**SUPPLIED DATA**
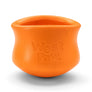 West Paw Toppl® Puzzle Treat-Dispensing Slow Feeder Dog Toy
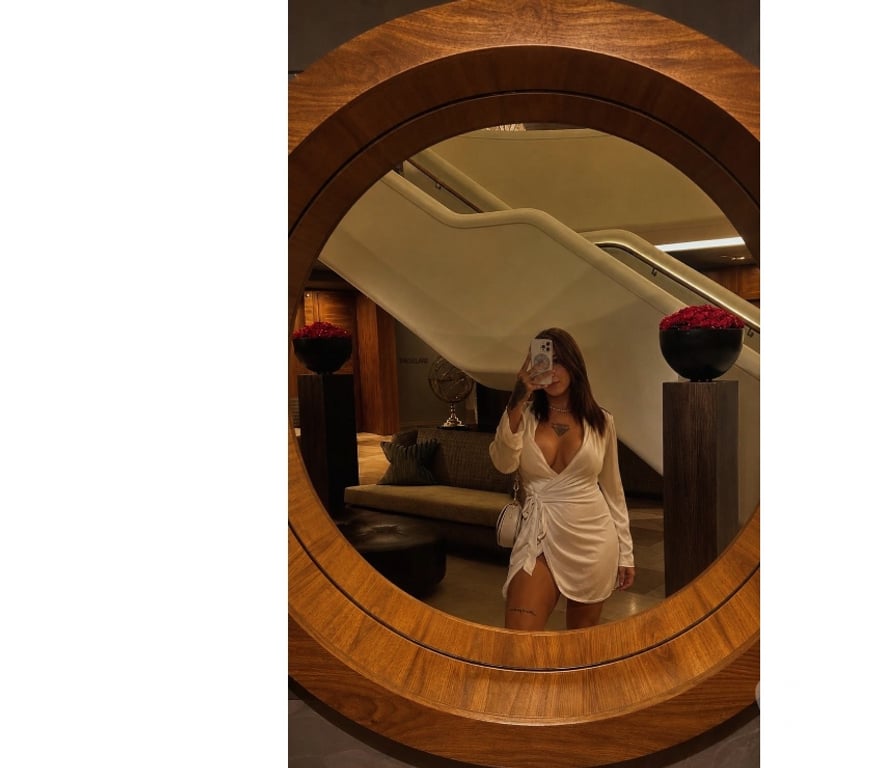 Trans Escorts Dorset Bournemouth, Christchurch and Poole - Photos for Amanda Hot Brazilian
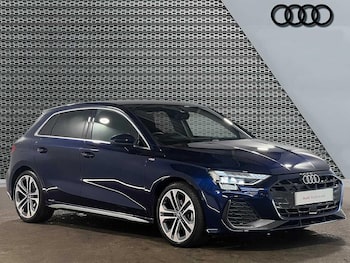 Used Audi A3 2025 for sale - 78291317: Photo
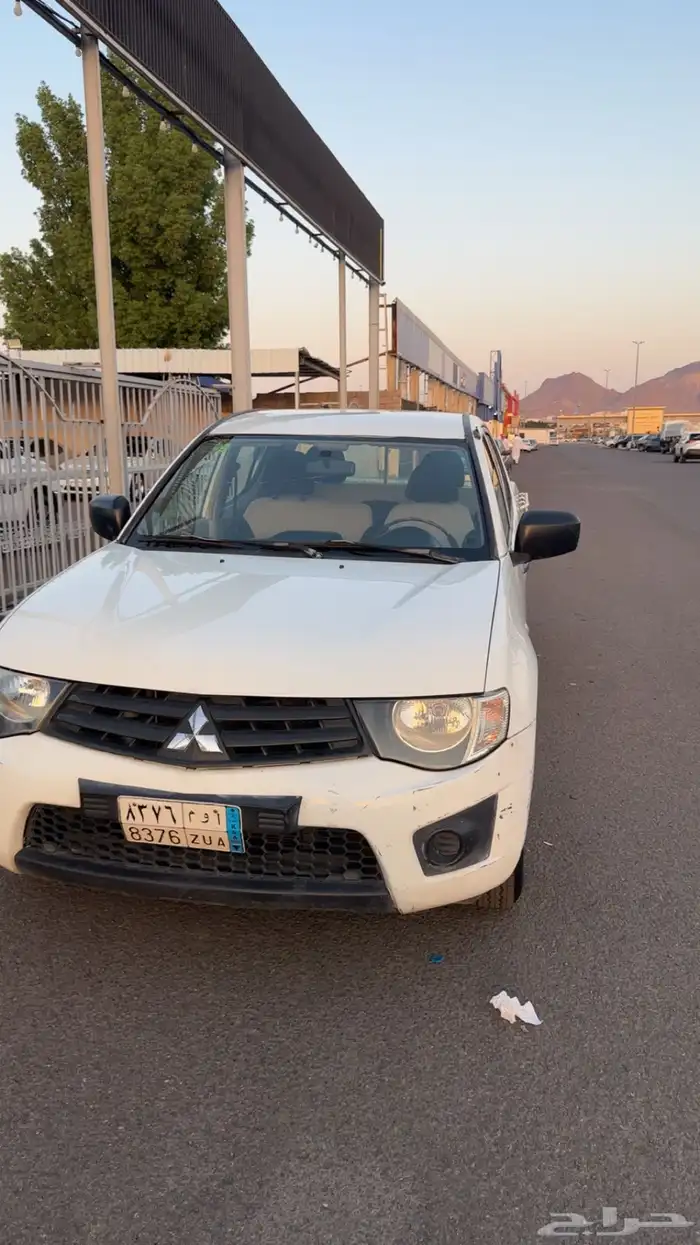 مستوبيشي 2015 1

**DESCRIPTION OF THE TASK**
Write out the lines of the material from the one containing "Used Audi A3 2025 for sale - 78291317: Photo" through the last, exactly and only those. Leave every picture out.

**EXERCISE OUTPUT**
 Used Audi A3 2025 for sale - 78291317: Photo
 مستوبيشي 2015 1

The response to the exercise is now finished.